'Today' considers data retention and IMP
Igor Mozolevsky
ukcrypto at chiark.greenend.org.uk
Mon, 12 Jan 2009 10:34:23 +0000
2009/1/10 Florian Weimer:
> * Igor Mozolevsky:
>
>> 2009/1/10 Florian Weimer:
>>
>>> At least the TCP connection for the sign-in is likely terminated
>>> locally.
>>
>> Why would you assume that?
>
> Even Google can't change the speed of light. There's no way that a
> signal can cross the Atlantic in five milliseconds.
>
> I wrote "likely" because I didn't test from the UK specifically.

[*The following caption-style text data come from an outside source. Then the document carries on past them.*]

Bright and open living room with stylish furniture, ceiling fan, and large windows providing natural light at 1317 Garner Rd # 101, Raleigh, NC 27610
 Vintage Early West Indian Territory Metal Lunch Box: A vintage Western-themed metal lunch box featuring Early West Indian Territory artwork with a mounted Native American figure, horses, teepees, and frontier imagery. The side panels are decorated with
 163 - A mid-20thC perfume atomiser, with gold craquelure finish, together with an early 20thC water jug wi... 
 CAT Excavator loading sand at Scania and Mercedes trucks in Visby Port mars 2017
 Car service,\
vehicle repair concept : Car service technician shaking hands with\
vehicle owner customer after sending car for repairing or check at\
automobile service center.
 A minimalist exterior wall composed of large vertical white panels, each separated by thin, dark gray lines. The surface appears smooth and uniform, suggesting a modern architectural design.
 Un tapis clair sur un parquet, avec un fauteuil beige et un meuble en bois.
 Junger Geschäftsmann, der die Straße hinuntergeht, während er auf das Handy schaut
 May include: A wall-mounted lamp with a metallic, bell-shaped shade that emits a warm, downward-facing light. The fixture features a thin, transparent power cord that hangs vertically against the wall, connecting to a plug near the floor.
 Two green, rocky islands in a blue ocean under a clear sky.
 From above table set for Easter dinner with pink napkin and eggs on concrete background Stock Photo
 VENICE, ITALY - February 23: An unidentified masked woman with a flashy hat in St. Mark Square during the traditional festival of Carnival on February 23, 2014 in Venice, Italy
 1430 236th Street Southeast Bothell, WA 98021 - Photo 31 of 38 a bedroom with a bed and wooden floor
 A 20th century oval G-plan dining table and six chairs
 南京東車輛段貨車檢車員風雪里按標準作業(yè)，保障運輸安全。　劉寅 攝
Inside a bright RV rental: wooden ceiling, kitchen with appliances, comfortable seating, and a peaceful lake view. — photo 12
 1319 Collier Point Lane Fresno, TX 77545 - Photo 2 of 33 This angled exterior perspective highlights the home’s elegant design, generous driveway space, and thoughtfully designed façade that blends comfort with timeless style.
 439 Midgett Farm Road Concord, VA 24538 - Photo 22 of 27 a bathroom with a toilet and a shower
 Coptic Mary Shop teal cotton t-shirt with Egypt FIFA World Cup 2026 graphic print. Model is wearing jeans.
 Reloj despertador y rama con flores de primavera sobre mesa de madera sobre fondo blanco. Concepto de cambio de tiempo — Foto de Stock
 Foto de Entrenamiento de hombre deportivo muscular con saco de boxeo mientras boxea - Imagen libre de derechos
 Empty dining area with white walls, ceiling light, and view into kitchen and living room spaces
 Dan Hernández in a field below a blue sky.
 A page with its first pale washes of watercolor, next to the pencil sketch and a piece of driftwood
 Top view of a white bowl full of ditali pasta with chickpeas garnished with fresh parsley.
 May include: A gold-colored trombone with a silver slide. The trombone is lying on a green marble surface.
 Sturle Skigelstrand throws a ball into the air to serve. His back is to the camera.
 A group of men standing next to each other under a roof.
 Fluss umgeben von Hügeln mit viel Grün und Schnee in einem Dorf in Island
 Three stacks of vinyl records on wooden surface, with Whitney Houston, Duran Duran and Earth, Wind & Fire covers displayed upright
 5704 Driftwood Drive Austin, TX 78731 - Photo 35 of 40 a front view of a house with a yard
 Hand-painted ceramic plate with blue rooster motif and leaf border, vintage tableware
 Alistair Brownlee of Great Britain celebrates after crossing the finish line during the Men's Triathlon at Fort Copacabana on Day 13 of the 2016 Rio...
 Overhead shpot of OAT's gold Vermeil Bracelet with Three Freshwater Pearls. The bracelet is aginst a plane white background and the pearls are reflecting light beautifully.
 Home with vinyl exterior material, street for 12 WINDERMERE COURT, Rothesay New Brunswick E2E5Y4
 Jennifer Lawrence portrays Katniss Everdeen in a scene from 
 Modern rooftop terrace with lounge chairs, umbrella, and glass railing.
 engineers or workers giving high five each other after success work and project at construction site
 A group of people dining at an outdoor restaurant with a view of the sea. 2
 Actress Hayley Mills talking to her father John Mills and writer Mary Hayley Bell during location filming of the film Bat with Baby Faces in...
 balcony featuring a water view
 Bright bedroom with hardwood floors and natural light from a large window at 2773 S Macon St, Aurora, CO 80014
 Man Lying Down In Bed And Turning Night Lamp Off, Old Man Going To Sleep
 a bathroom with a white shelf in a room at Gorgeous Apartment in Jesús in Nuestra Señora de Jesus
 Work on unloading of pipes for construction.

AFAIK, DNS is not context-aware, so no matter where you type
'mail.google.com' you will always get a bunch of addresses from the
same address pool. My ping times are ~38ms to them, and their address
space shows up straight after the LINX hop. When you type your
credentials in, Google has no idea where your country of residence is
(I could live in the UK and be using Google in the States, for
example). If anything they might be using a CDN, but that's pure
caching, not actually 'hosting and processing' of data.
> (Please note that I'm not really that obsessed with Google. I'm
> interested in how you can deliberately opt out of jurisdiction, and
> what can be done against it. Google is just an example.)
Use US (or similar)-terminated VPN service? There's plenty of those
being offered!
--
Igor :-)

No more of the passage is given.